Immigration rights advocates applauded a federal judge's ruling on Monday that reinstated a nationwide injunction against a Trump administration rule preventing those who passed through another country before reaching the U.S.-Mexico land border from seeking asylum.
The ACLU, in a tweet, called the ruling by U.S. District Judge Jon Tigar a "victory."
VICTORY: A federal court just reinstated a full block on the Trump administration’s asylum ban.— ACLU (@ACLU) September 9, 2019
This ban categorically denied asylum to anyone at the southern border who had transited through a third country en route to the United States, with very limited exceptions.
"Before today's decision," explained Charanya Krishnaswami, Amnesty International USA's advocacy director for the Americas, "entire parts of this country had essentially become asylum-free zones, where people in search of safety would be arbitrarily barred from asylum based on where they happened to cross the border."
As Common Dreams reported, the administration's rule, rolled out in July, said asylum-seekers who travel through another country before reaching the U.S.-Mexico border were ineligible for asylum in the United States. The rule was panned human rights advocates as "deliberate cruelty."

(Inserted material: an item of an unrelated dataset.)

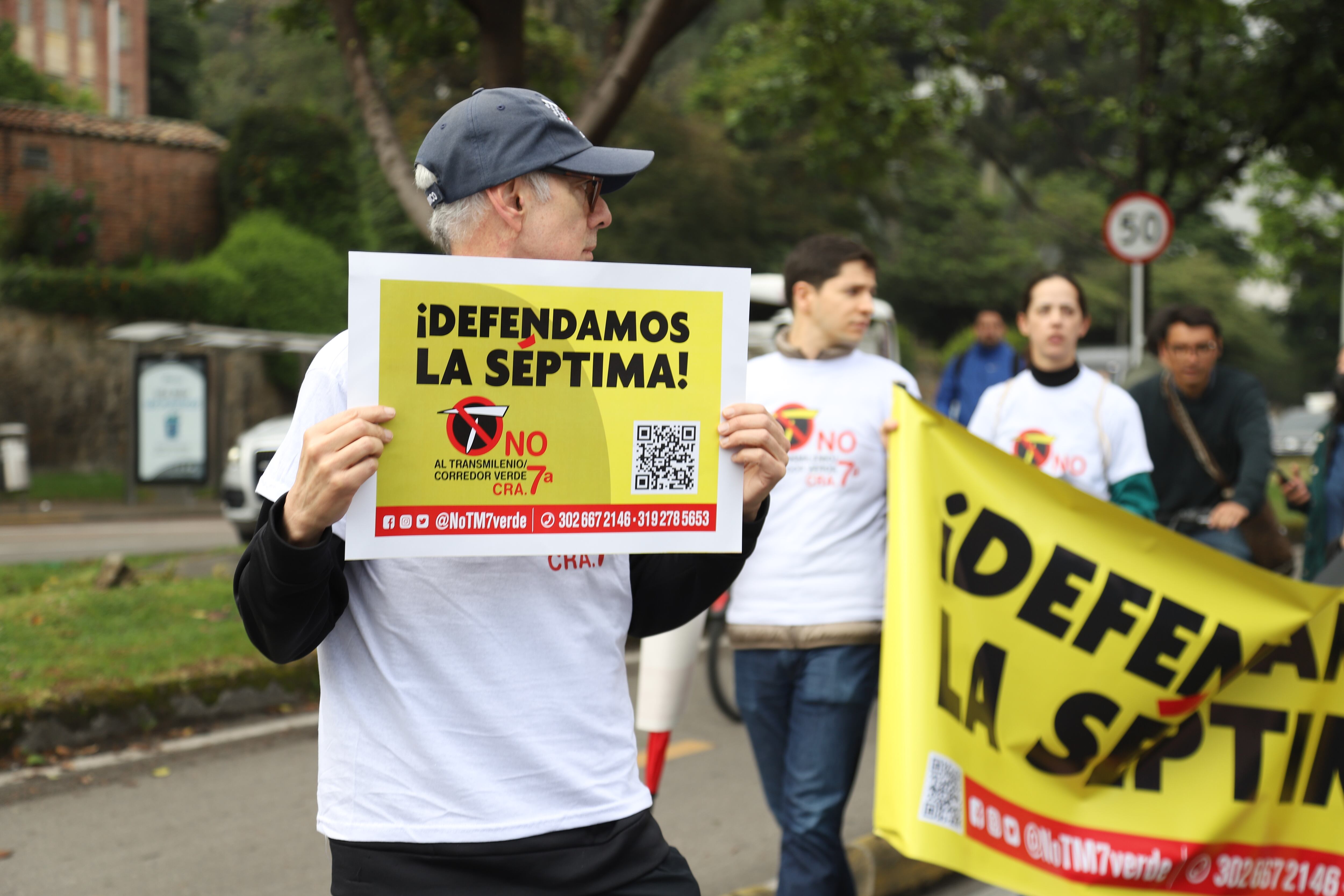 Protestas corredor de la séptima cra 7 con 94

Judge Tigar issued a nationwide injunction in July. The 9th Circuit Court of Appeals in August limited the scope of the "third country" rule to New Mexico and Texas. The new ruling means the the injunction extends across all the states along the southern border.
Praising Monday's ruling, ACLU attorney Lee Gelernt said, "The court recognized there is grave danger facing asylum-seekers along the entire stretch of the southern border."
Center for Constitutional Rights legal director Baher Azmy welcomed the news as well.
"We are gratified the court recognized the reality on the ground," he said, "which is that Trump's asylum ban is affecting thousands of asylum-seekers all across the border—just as it was unlawfully intended to do—and not just at California ports of entry."